It is unacceptable and, in light of Loving, unconstitutional to continue to deny lesbians and gay men who are themselves citizens of the United States this basic, vital, personal right. It does not matter if there are substantial pockets of resistance. It does not matter if these are buttressed by religious justifications. If there are people who do not want gay or lesbian marriage then most certainly they need not be required to engage in one.

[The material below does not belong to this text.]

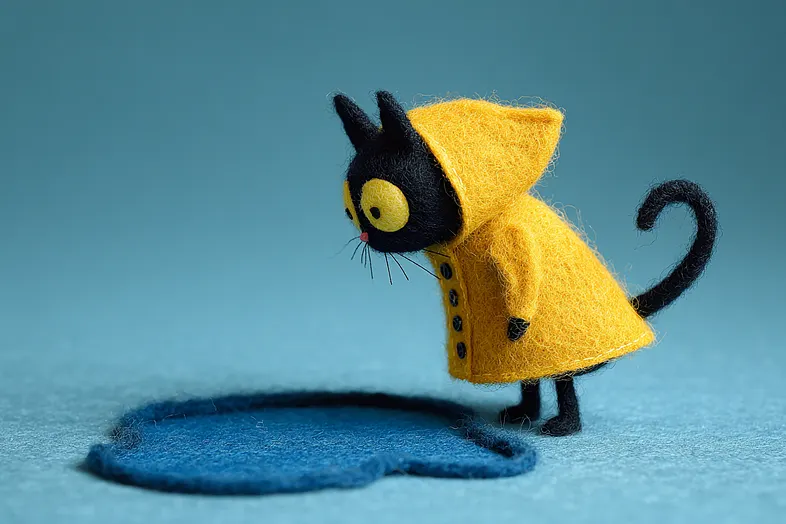 Slim wool-felted black cat in a yellow raincoat peering intently into a small blue felt puddle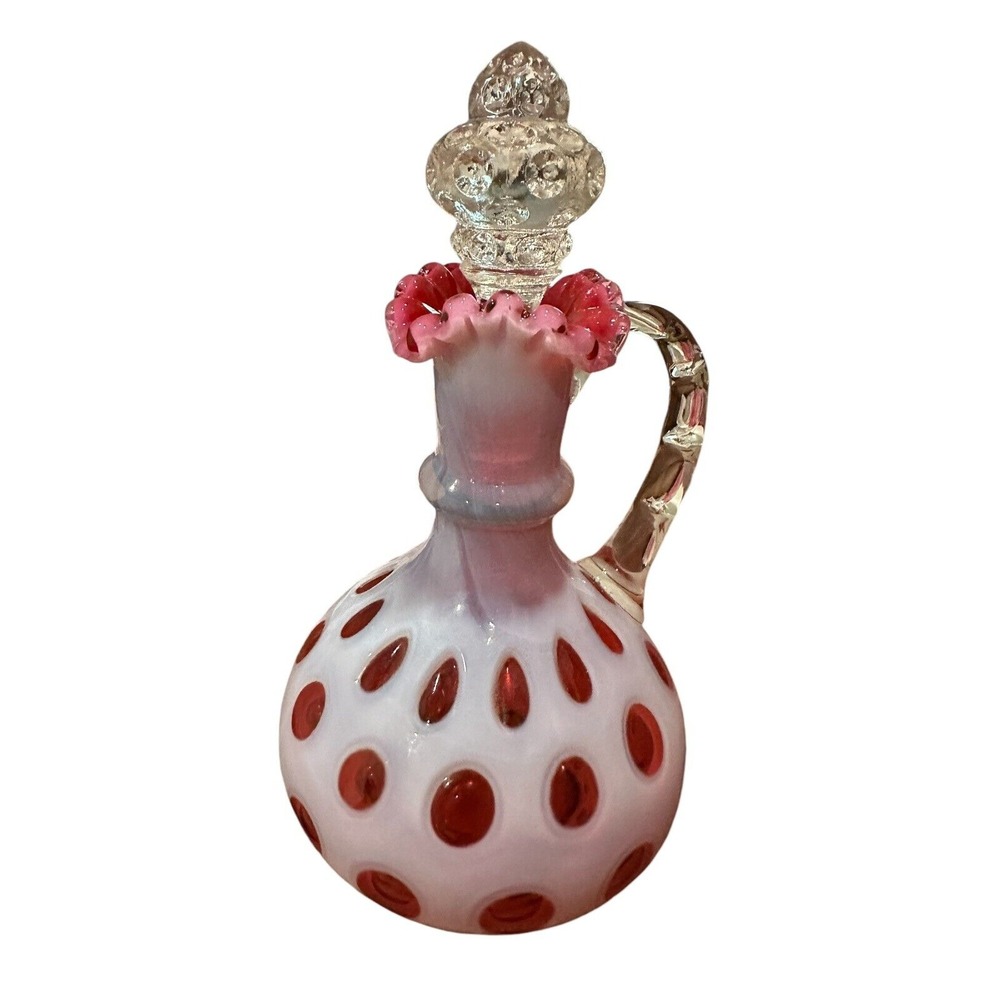 Fenton Glass - Cranberry Opalescent Coin‎ Dot - Glass Decanter - 8¾ inches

The fallback position of allowing each state to decide for itself whether to sanction same-gender marriages is similarly untenable. The notion that human rights and equality are subjects for experimentation in state laboratories is a moribund and morally bankrupt idea; there are no appropriate referenda for deciding whether to extend to all citizens human dignity. What is more, if “inalienable” has any meaning, then it defies a majority’s right to separate the individual from her or his fundamental (vital) right. The lie underneath the leave-it-to-the-states argument is demonstrated by the unwillingness of numerous states to honor the gay and lesbian marriages sanctioned elsewhere. Out-of-state driver’s license? Honored. Marriage license? Not necessarily, not if it involves individuals that we, in our state, do not embrace and would continue to disenfranchise.
To address three counterarguments in succession: 1. Tradition. Response: Sexism is a tradition; racism is a tradition; religious bigotry is a tradition; slavery was a tradition. That argument is insufficient. 2. Slippery slope. Response: Does anyone seriously believe that if I marry another male, brothers and sisters will begin copulating with one another as well as with their pet iguanas, and then insist on the right to marry as group? That is as laughable as it is offensive. That argument is indefensible. 3. The compelling need to protect the bedrock of civilization. Response: If civilization’s bedrock can crumble if Tim Koch takes a husband, society’s foundation rests on something puny and unreliable indeed. Why not institute a much more powerful social, political, and spiritual bedrock, something a little more structurally sound? Something, say, like Loving.
[1] Loving v. Virginia, 388 U.S. 1 (1967).
[2] Id. at 12.
[3] Though the language of the Court’s ruling already quoted speaks of free “men,” it is assumed here that the Court envisioned marriage arrangements that also included women.